George Benjamin, spokesman for the referendum commission, told VOA his organization is set to receive ballot papers that will be used for the scheduled 9th January referendum.
“The petitions that have been filed against the commission by different groups, at almost the same time, would indicate that some organized move is being cooked (prepared) or it has been cooked somewhere in order to derail and disrupt the work of the commission,” said Benjamin.
“We will deal with it, of course, as the situation requires in a responsible and legal manner. And, as long as these (petitions) come before a court of law, it will require a legal and sensible response from the commission.”
Sudan’s Constitutional Court recently demanded the referendum commission answer the allegations, including fraud and intimidation, during the recent voter registration process.
Several groups petitioned the court seeking the dissolution of the commission claiming alleged irregularities during the registration process will undermine the credibility of the referendum.
But, Benjamin said there are reasons to believe that some of these groups want to derail the upcoming referendum. He also said the commission is capable of organizing a credible referendum, despite attempts to hamper activities of his commission.
“The commission has already gone a long way in implementing the process of the referendum, and quite successfully.
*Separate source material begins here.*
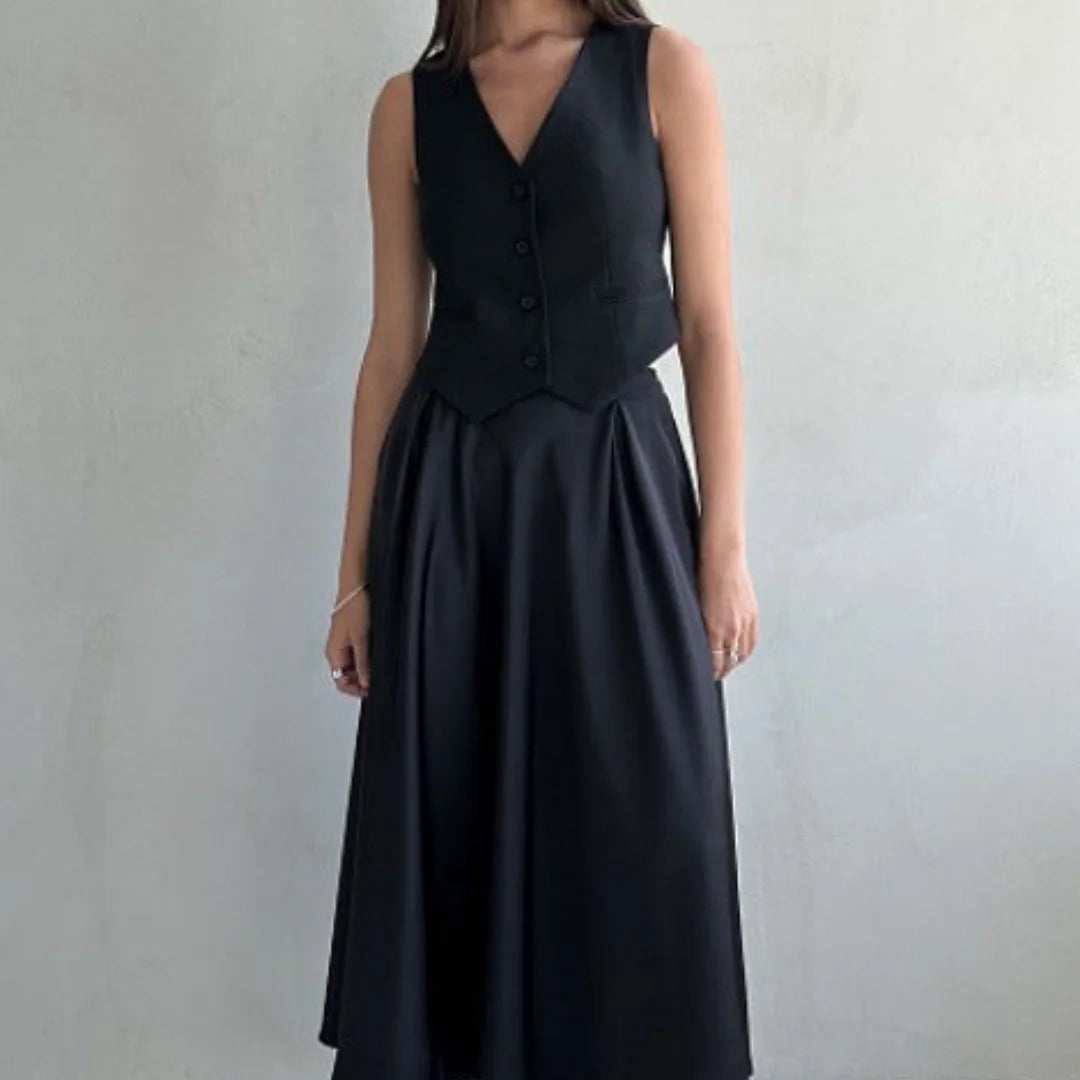 Black high-waist skirt for women by Khaza with a flowing design, made from comfortable and soft fabric.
Despite difficulties that surrounded its formation and the short time that was given to it, it has, by far, succeeded in implementing and putting in (the) process of all the stages required by the referendum,” said Benjamin.
Meanwhile, Sudan’s neighbors have vowed to respect the outcome of the referendum following a meeting in the capital, Khartoum.
Libyan leader Muammar Gaddafi, Egyptian President Hosni Mubarak, Sudanese leader Omar Hassan al-Bashir, as well as southern Sudanese leader Salva Kiir, met Tuesday to find ways to resolve “tensions and controversies” surrounding full implementation of the 2005 Comprehensive Peace Agreement (CPA).